24 September 2013
Last updated at 16:18
The National Trust has begun the search for new tenants for an 18th Century house in Cumbria which is only accessible by boat and gets its milk delivered by canoe. The Grade II listed Derwent Island House is located on a 7 acre (2.8 hectare) island on Derwent Water.
In medieval times, Derwent Island was owned by monks before it became the property of the monarchy in 1539. In 1569, it was home to a group of German miners who were working in the area. They built a camp on the island where they kept their own animals, grew their own vegetables and brewed their own beer.
Derwent Island House was built in 1780 by Joseph Pocklington from Newark, who constructed a small fort to use for mock battles during annual regattas on the lake.

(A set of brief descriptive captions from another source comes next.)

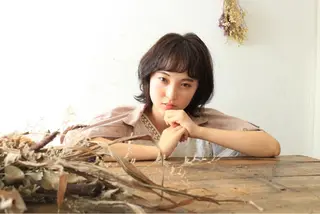 ショート カラー パーマ ヘアアレンジ ゆさこのか ダブルカラー／縮毛のヘアスタイル
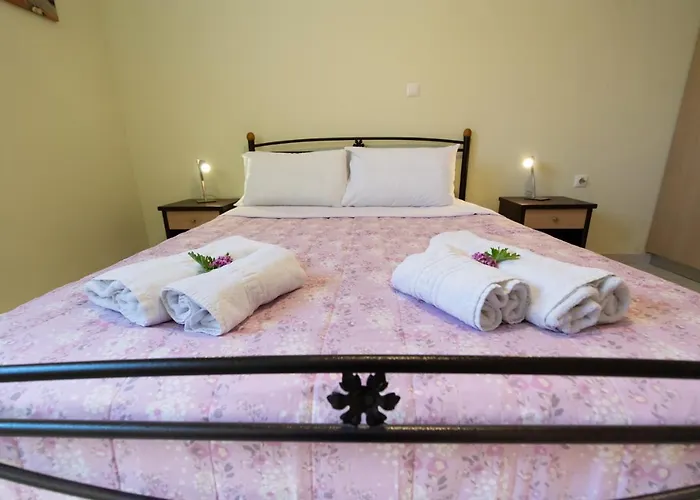 Delphinus Villas-villa Nikitas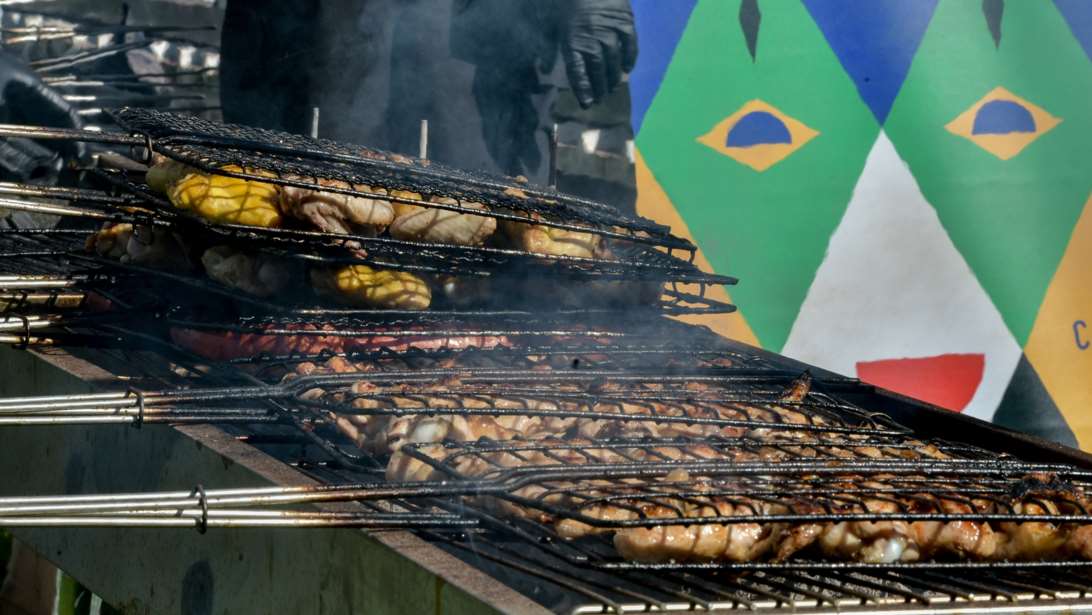 Τσικνοπέμπτη με ιστορικό ρεκόρ στην τιμή του κρέατος - Το μοσχάρι αυξήθηκε 27% μέσα σε έναν χρόνο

In the 1840s, Yorkshireman Henry Marshall added two wings to the house to give its present-day Italian style.
In 1951, Mr Marshall's grandson Denis Marshall gave the property to the National Trust, which has let it out for the past 60 years.
The house, which has seven bedrooms and five reception rooms, also has a mock chapel and boathouse in its grounds and a large collection of furniture and art.
Estate agent Helen Lancaster said that while the milk was delivered by canoe, any tenant would have to "go ashore to reach the bins or collect mail, [making it] a unique way of life".
The property, which the National Trust hopes will have new tenants by December, will open to the public for at least five days of the year.